Ask HN: What to do if someone posts something illegal to a SaaS you run? - throwaway2016a
There is all this talk about starting a Facebook competitor by a particular high profile angel investor and others. But what about content moderation on these sites?<p>What do you do if someone posts something illegal (say abuse images) to your site?<p>What about if someone threatens violence?<p>My instinct would be to hide (but keep) the content, immediately preserve any logs, then call the FBI.<p>But what if someone makes a threat or posts something illegal and you don&#x27;t catch it because your content filters are not as advanced as Facebook and YouTube? Heck, Facebook and Youtube miss things all the time.<p>Fake news?<p>What are your liabilities as a site operator?<p>It seems to me that aside from the obvious problems of needing critical mass to take advantage of the network effect and the privacy and security requirements there are a lot of hidden liabilities for running such a site.
======
bradknowles
First things first — IANAL.

What I can tell you is that a lot depends on where you are located and who
your regulators are.

For example, in Belgium, the police have pretty broad powers to come in and
just seize stuff, and you are criminally liable for anything that gets onto
your servers, regardless of how that happened.

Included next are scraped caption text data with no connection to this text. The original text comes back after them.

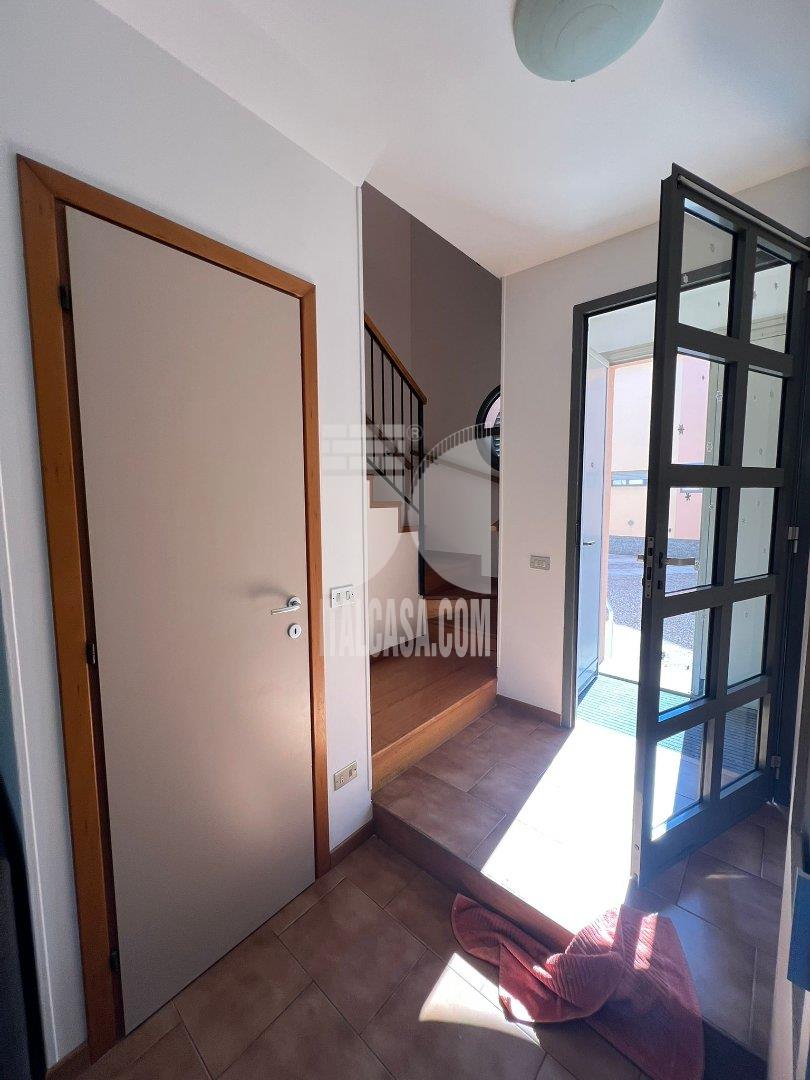 Villa Unifamiliare in vendita a Fara Gera d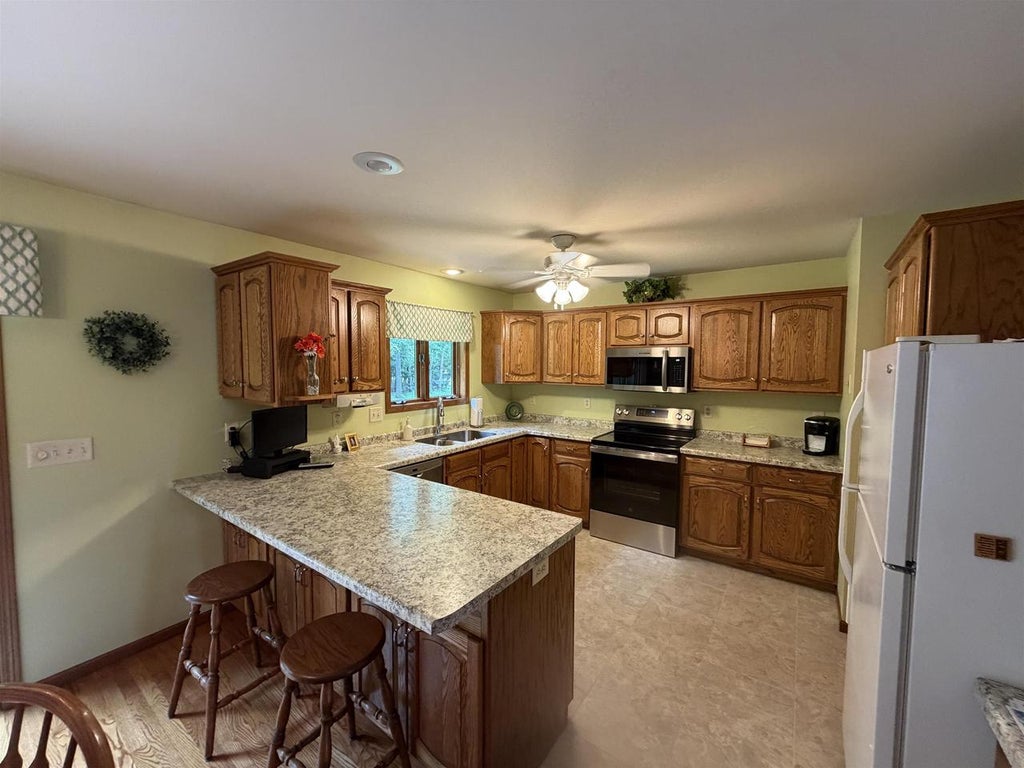 Photo of 1204 Lemke STREET, Rothschild, WI 54476 (MLS # 22603571)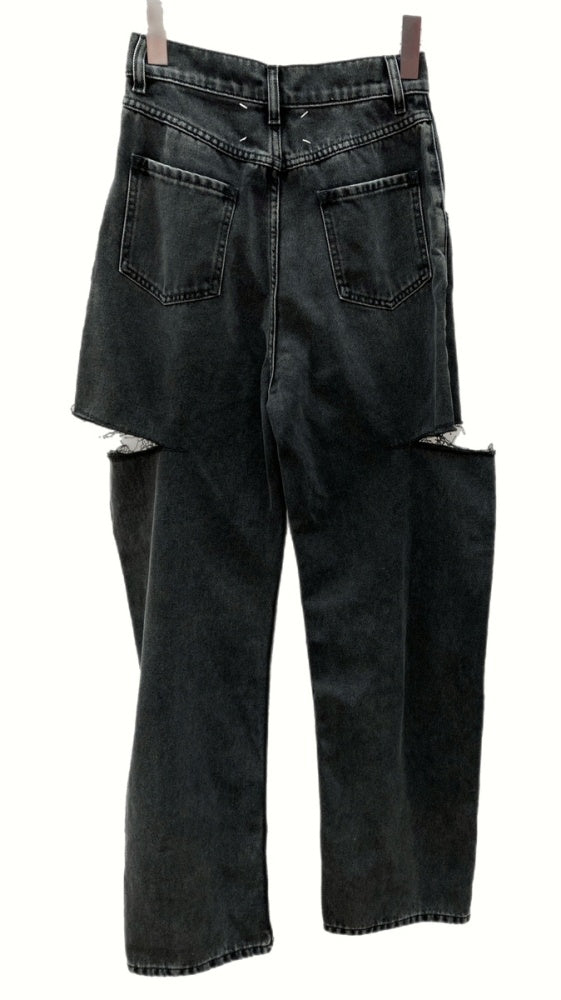 メゾンマルジェラ Maison Margiela スラッシュ ディテール カット アウト ジーンズ SLASH DETAIL CUT OUT JEANS DENIM BLACK 黒 S51LA0051 S30743 デニム 無地 グレー 104LB-7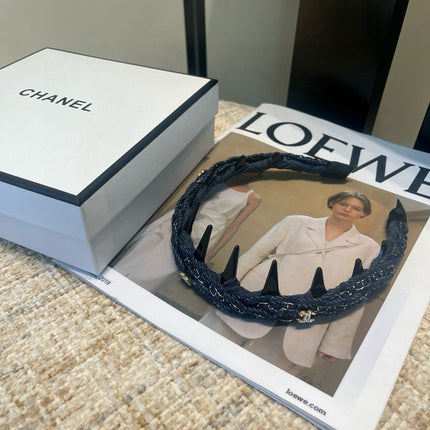 CHANEL 26S HEADBAND IN BLACK LACE FABRIC 505322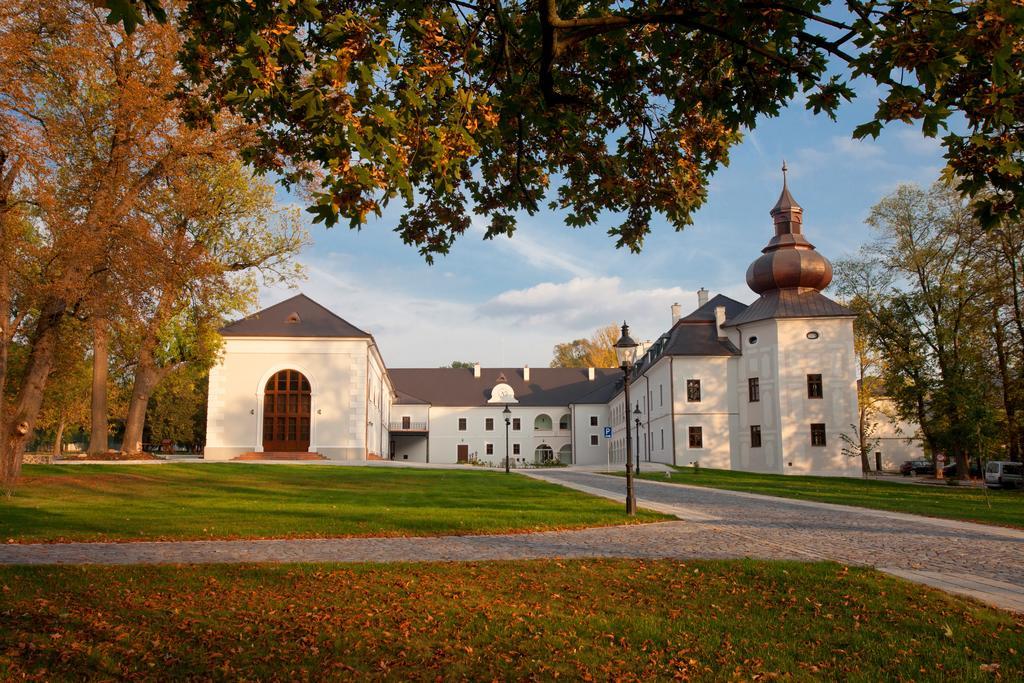 Chateau Appony Exterior photo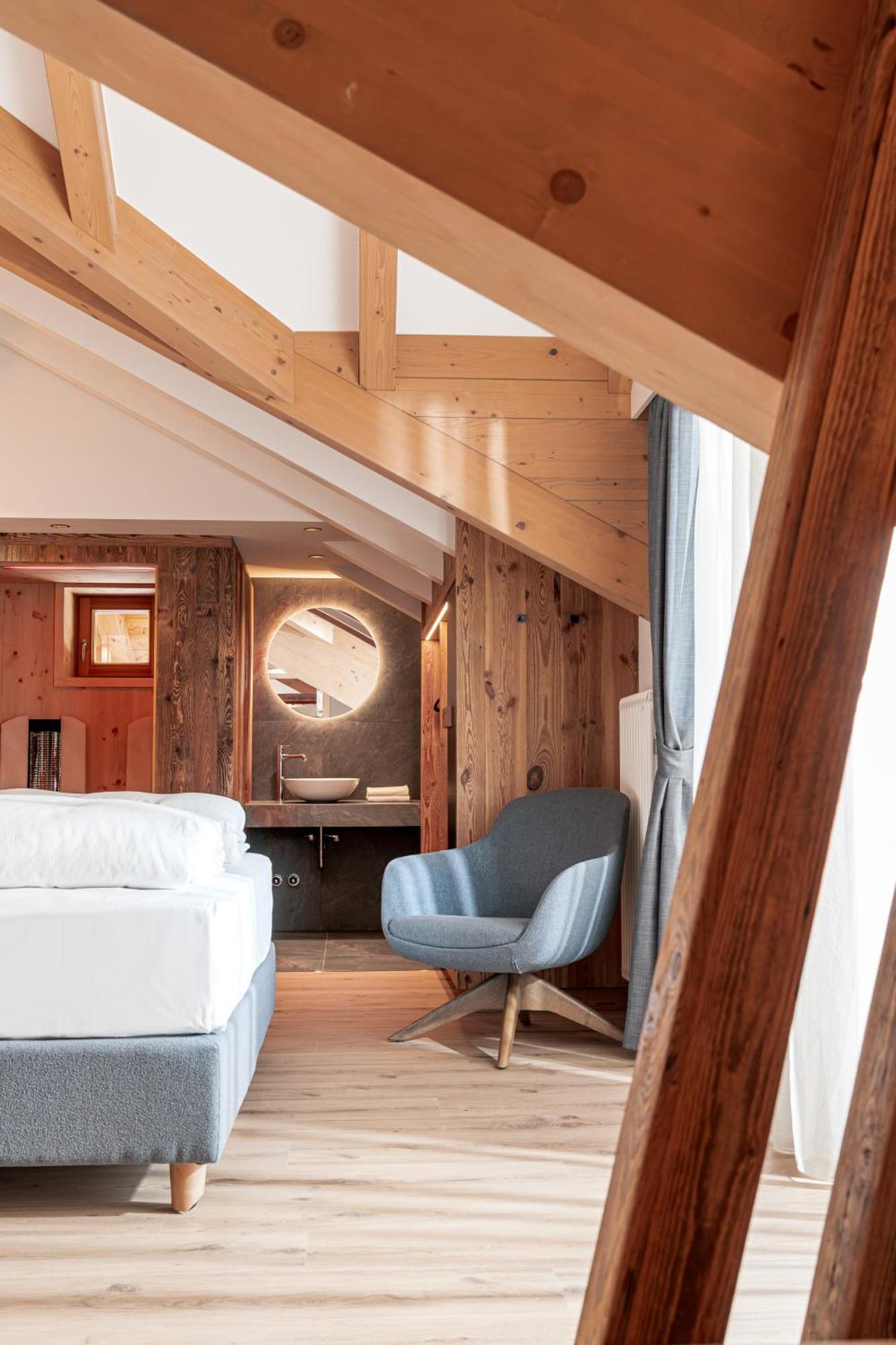 Renè Dolomites Boutique Hotel Pozza di Fassa Esterno foto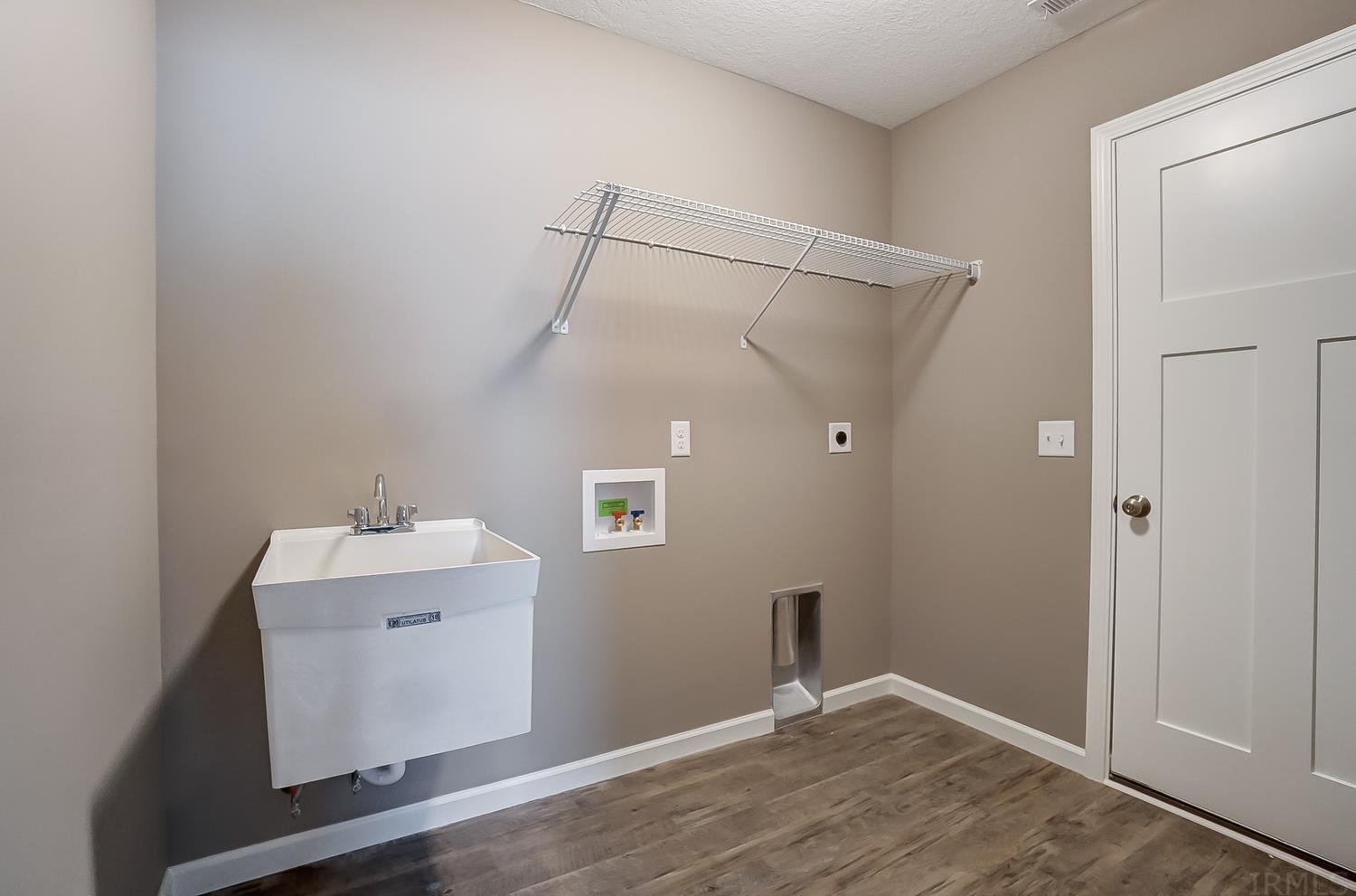 12102 Bozzio Road Fort Wayne, IN 46818 - Photo 23 of 27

Now, the police generally are
smart enough to ask for your assistance in catching the real criminals who
uploaded the illegal content and they would rather work with you than against
you. But make no mistake, they will turn around and haul your ass down to jail
in a heartbeat, if they think you are complicit.

------
fiiv
I think fake news are a separate category than (threats of) violence and kiddy
porn. If for one of those types of things you immediately notify the relevant
authorities that is the most important thing and I doubt there would be any
liabilities.

------
parvenu74
In general, involving legal counsel as soon as possible is the best option.
The worst possible scenario is for it be proven that you knew about something
and didn't take steps to deal with it in a timely manner.